Everyone should have access to affordable, comprehensive and compassionate health care. As our nation continues to reel from COVID-19 and unjust disparities in health care resulting from centuries of structural racism, it’s clearer than ever that our collective health and well-being depend on it. As a health care provider and an immigrant herself, Dr. Johana Oviedo knows this first-hand.

Dr. Oviedo moved to the United States with her mom when she was nine years old. When her mom tried to enroll her in school, she found she had to provide proof of her daughter’s vaccinations. At the time, it was nearly impossible to get those records from their native Colombia, and because they were in the U.S. without documentation, basic health services, even those aimed at keeping entire communities safe, were beyond their reach. On top of that, neither of them spoke the language fluently and Dr. Oviedo’s mother didn’t understand the U.S. health care system enough to know where to go to acquire those vaccinations.

Dr. Oviedo, now an obstetrician-gynecologist and Fellow with Physicians for Reproductive Health, practices in New York City, where thanks to the leadership of community groups and advocacy organizations, pregnant women and children are covered by Medicaid regardless of their immigration status. She doesn’t have to worry about whether her patients can afford care—she can just serve them. Whether they’re seeking abortion care or prenatal care, her patients don’t have to put off seeing a doctor because they don’t know how they’ll pay for it or because they’re afraid they’ll be asked about their status. Getting treatment early means less complicated care and leads to better outcomes. New York has also made sure to cover COVID-19 testing and treatment under emergency Medicaid so that everyone can access this critical care regardless of their documentation.

In most of the country, our political systems have built unnecessary barriers for immigrants who need to get to the doctor. Many immigrants with documentation must currently wait five years before they can enroll in Medicaid or the Children’s Health Insurance Program (CHIP), even if they are otherwise eligible. Undocumented immigrants are completely excluded from these programs and even barred from purchasing insurance from the Affordable Care Act (ACA) Marketplace.

No one living in this country should have to wait for years or be denied access to reproductive health care. When people have access to preventive care, they can keep themselves, their families and their communities healthy. Contrast Dr. Oviedo’s patients with National Asian Pacific American Women’s Forum member Shatha Algamal’s experience. Shatha moved to Atlanta with her husband two years ago and, despite having a low income, can’t get health coverage through Medicaid because of her immigration status. Being excluded from accessing health coverage has had a formidable impact on Shatha’s own health, her finances and her struggle to start a family. She was unable to afford prenatal care and lost her first pregnancy after 16 hours of bleeding. Her bill for health care after her miscarriage was nearly $4,000. During her second pregnancy, Shatha applied for financial aid at a local hospital. Her child was born three months premature and died, leaving Shatha and her husband with a hospital bill of nearly $7,000. Shatha is pregnant again and still struggles to afford adequate care. She and her husband have found no other recourse than to hope for the best.

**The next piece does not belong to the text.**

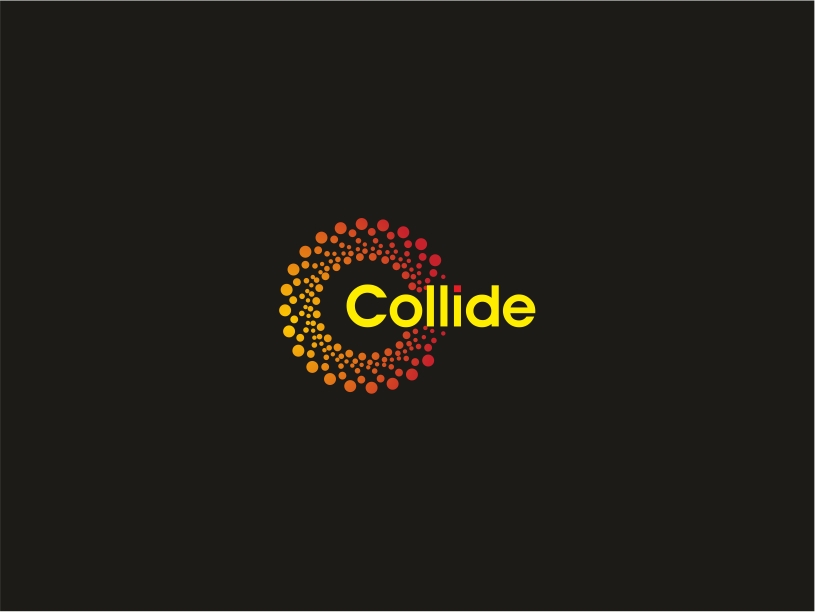Logo Design by Logocraft for this project | Design #1389350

We know that if health care isn’t affordable, then it’s out of reach for the majority of families working to make ends meet. Noncitizens in this country are significantly more likely than citizens to be uninsured. Without insurance, immigrants are forced to navigate a patchwork of care, relying on community health centers or paying directly out of pocket.

The public health crisis precipitated by the novel coronavirus pandemic has exposed the many ways our country has failed our most vulnerable. Immigrant communities, which have been caught in the gaps of our country’s safety net for decades, are being devastated by the effects of this pandemic. Latinx folks, Pacific Islanders, Black people and other people of color across the country are at a significantly higher risk of contracting the virus and they have less access to health care and greater exposure to stress from state violence and institutional racism.

Health care shouldn’t be a privilege for a select few in this country. We can’t protect our country by denying entire communities access to testing, treatment or essential reproductive health care. We don’t live in bubbles based on our identities and viruses do not discriminate based on race, ethnicity, or national origin.

Senator Cory Booker (D-N.J.) introduced the Health Equity and Access Under the Law (HEAL) for Immigrant Women and Families Act, which would open up access to health care for immigrants. Under the HEAL for Immigrant Women and Families Act, people like Shatha would get the crucial and comprehensive health care that is essential to their agency, their lives and their families. Shatha would receive the same quality care as the people Dr. Oviedo serves. Passing this bill would demonstrate this country’s commitment to health access for everyone—for all of us who have made the U.S. our home, with no exclusions and no exceptions. Every person should be able to get affordable reproductive health care no matter how long they have been here or the status they have been granted, especially now.


Ann Marie Benitez is the senior director of government relations at the National Latina Institute for Reproductive Justice.
Sung Yeon Choimorrow is the executive director of the National Asian Pacific American Women’s Forum.